I am running GPU instance on GKE when everything is deployed I make the request to the service Above mention error occur I followed all the step in mentioned in https://cloud.google.com/kubernetes-engine/docs/how-to/gpus#ubuntu This is my DockerFile
FROM nvidia/cuda:10.2-cudnn7-devel
# install nginx
# RUN apt-get update && apt-get install nginx vim -y --no-install-recommends
# RUN ln -sf /dev/stdout /var/log/nginx/access.log \
# && ln -sf /dev/stderr /var/log/nginx/error.log
## Setup
RUN mkdir -p /opt/app
RUN apt-get update -y && \
apt-get install -y --no-install-recommends \
python3-dev \
python3-pip \
python3-wheel \
python3-setuptools && \
rm -rf /var/lib/apt/lists/* /var/cache/apt/archives/*
RUN pip3 install --no-cache-dir -U install setuptools pip
RUN pip3 install --no-cache-dir cupy_cuda102==8.0.0rc1 scipy optuna
COPY requirements.txt start.sh run.py uwsgi.ini utils.py /opt/app/
COPY shading_characteristics /opt/app/shading_characteristics
WORKDIR /opt/app
RUN pip install -r requirements.txt
RUN pip install --upgrade 'sentry-sdk[flask]'
RUN pip install uwsgi -I --no-cache-dir
EXPOSE 5000
## Start the server, giving permissions for script
# COPY nginx.conf /etc/nginx
RUN chmod +x ./start.sh
RUN chmod -R 777 /root
CMD ["./start.sh"] Edit (May 2021)
GKE now officially supports NVIDIA driver version 450.102.04, which support CUDA 10.2.

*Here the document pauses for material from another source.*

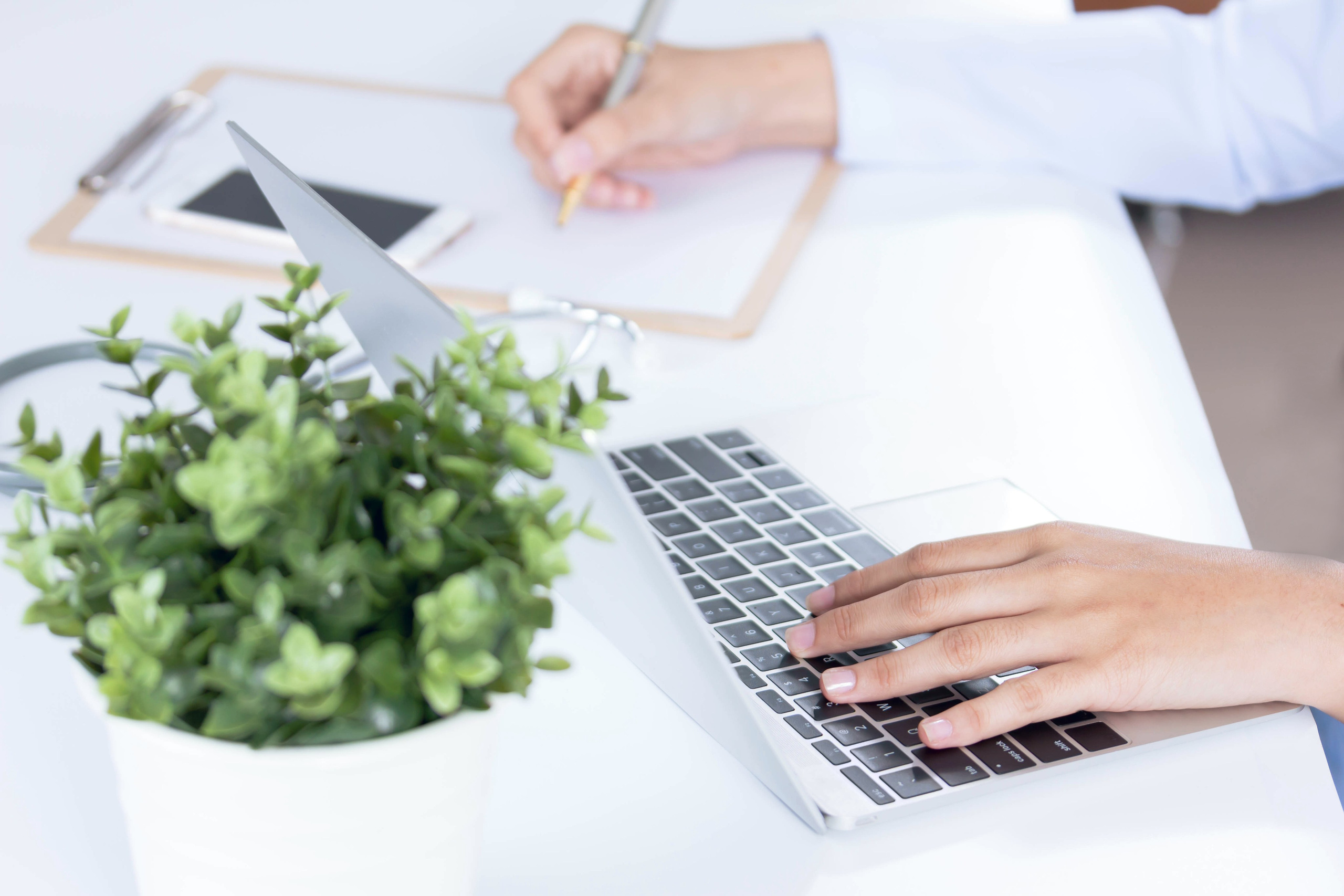 Firma blomsterabonnementer – Akropolis BlomsterGiv din virksomhed et friskt pust med et firma blomsterabonnement fra Akropolis Blomster. Vi leverer smukke blomsterarrangementer regelmæssigt, så din virksomhed altid fremstår indbydende og professionel.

Please note that GKE 1.19.8-gke.1200 and higher is required.
As you can see in Nvidia's website, CUDA 10.2 requires Nvidia driver version >= 440.33.

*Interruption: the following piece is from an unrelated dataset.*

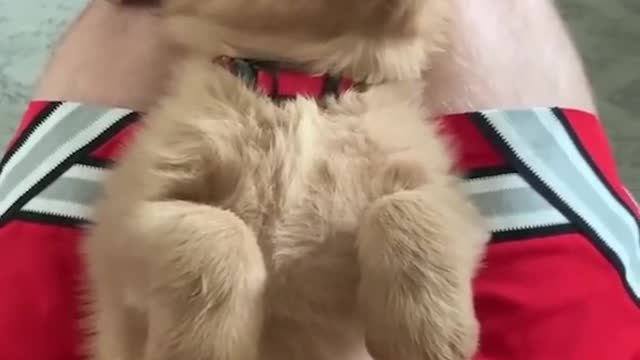 Lovingly. Dog and puppies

Since the latest Nvidia driver available officially in GKE is 418.74, the newest CUDA version you can use is 10.1 at the moment.
If your application, or other dependencies such as PyTorch, can function properly with CUDA 10.1, the fastest solution will be to downgrade your base Docker image with CUDA 10.1.
There are unofficial ways to install newer Nvidia Driver versions on GKE nodes running COS, but if it's not a must for you - I'd stick to the official and supported GKE method and use 10.1.